### Material provided
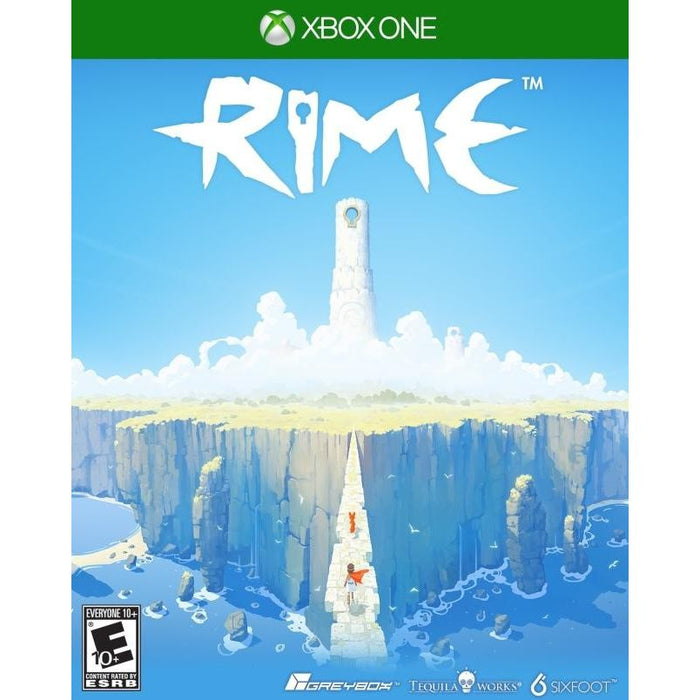 Rime (Xbox One) - Just $0! Shop now at Retro Gaming of Denver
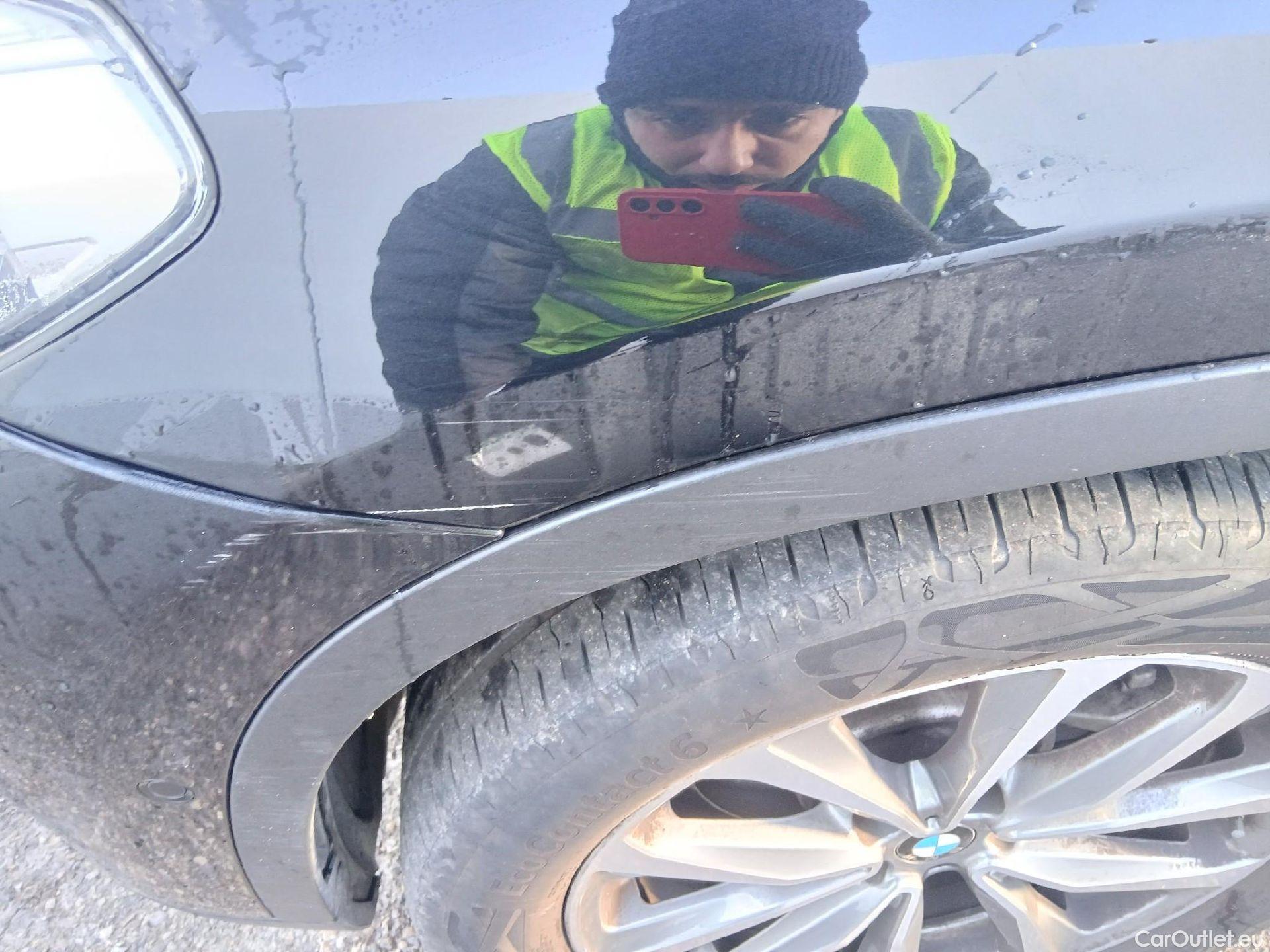  Bmw  X3 BMW  / 2017 / 5P / todoterreno xDrive20d (AC2) #10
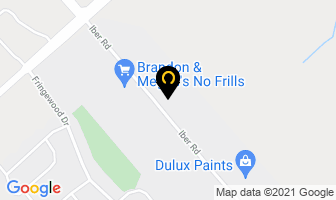 Hepa Filter Svc Inc in Guelph map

### Work request
What you return must match the data above exactly, with no images included.

### Written answer
 Rime (Xbox One) - Just $0! Shop now at Retro Gaming of Denver
  Bmw  X3 BMW  / 2017 / 5P / todoterreno xDrive20d (AC2) #10
 Hepa Filter Svc Inc in Guelph map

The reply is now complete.